Given the rapid decline of the ON RRP, I think it’s appropriate to consider the parameters that will guide a decision to slow the runoff of our assets. In my view, we should slow the pace of run-off as ON RRP balances approach a low level. Normalizing the balance sheet more slowly can actually help get to a more efficient balance sheet in the long run by smoothing redistribution and reducing the likelihood that we’d have to stop prematurely.

As a reminder, banking system liquidity is approximated the size of the Fed’s balance sheet – ON RRP – the Treasury General Account. All else being equal, a falling ON RRP increases banking liquidity. If ON RRP falls to zero, Logan is proposing tapering quantitative tightening, or the reduction in the Fed’s balance sheet, to compensate. QT is turning into QE. Logan’s words about the Fed’s balance sheet carries extra weight as she was the former head of the New York Fed’s trading desk. In the wake of Logan’s speech, market expectations are building that the Fed will begin to taper QT mid-year.The Fed is turning dovish. The market continues to expect a rate cut at the March FOMC meeting. The Fed hates surprising the markets. Unless Fed speakers push back strongly against the notion of a March rate cut and expectations of a cut stay above the 60–65% level, a March cut will be a done deal.


Don’t fight the Fed and the macro trend.


Key risk: Transitory disinflation

However, I continue to be concerned about the risk of transitory disinflation to the dovish Fed scenario. The New York Fed’s Global Supply Chain Pressure Index is rising again, indicating that progress in goods inflation is over.
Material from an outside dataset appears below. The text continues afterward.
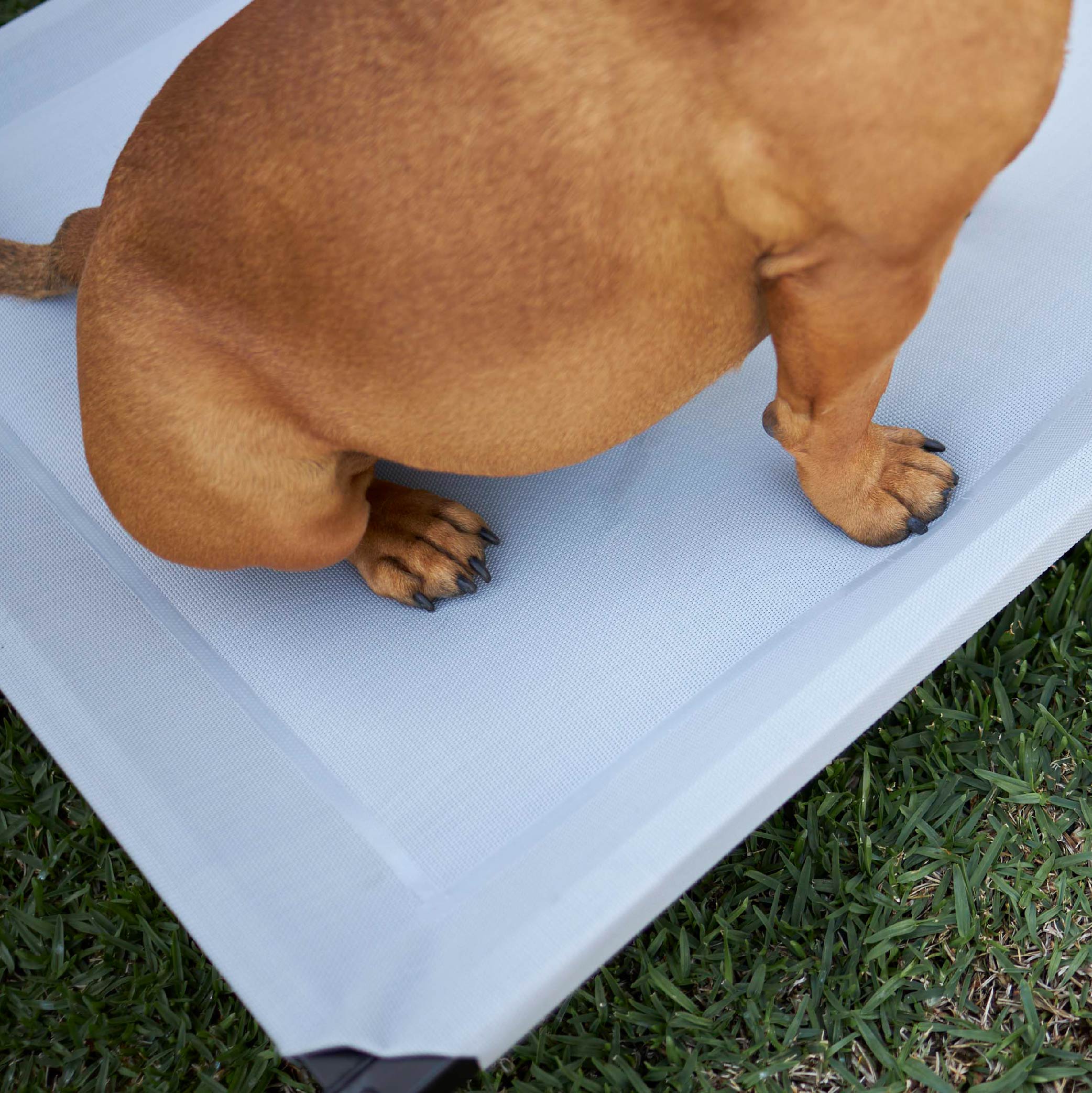 Pillow Top Outdoor Dog Bed - Ash Grey - Image 5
Is this just normalization or something more ominous?


Red Sea related disruptions are showing up in global shipping costs. While readings are nowhere near pandemic levels, it’s a lesson how global shocks can disrupt progress on inflation.


The Atlanta Fed’s wage growth tracker came in at 5.2% in December – and it’s been stuck at that level for three consecutive months. Even though there is growing evidence of a cooling jobs market, wage pressures aren’t falling.


In conclusion, the global disinflation trend is continuing in an uneven manner and both the macro trend and Fed speakers are pointing toward a dovish Fed pivot. This argues for a bull steepening of the yield curve and a bullish backdrop for stock prices. However, investors should be aware that the lurking risk is the re-emergence of the transitory disinflation narrative, which could derail the bullish scenario.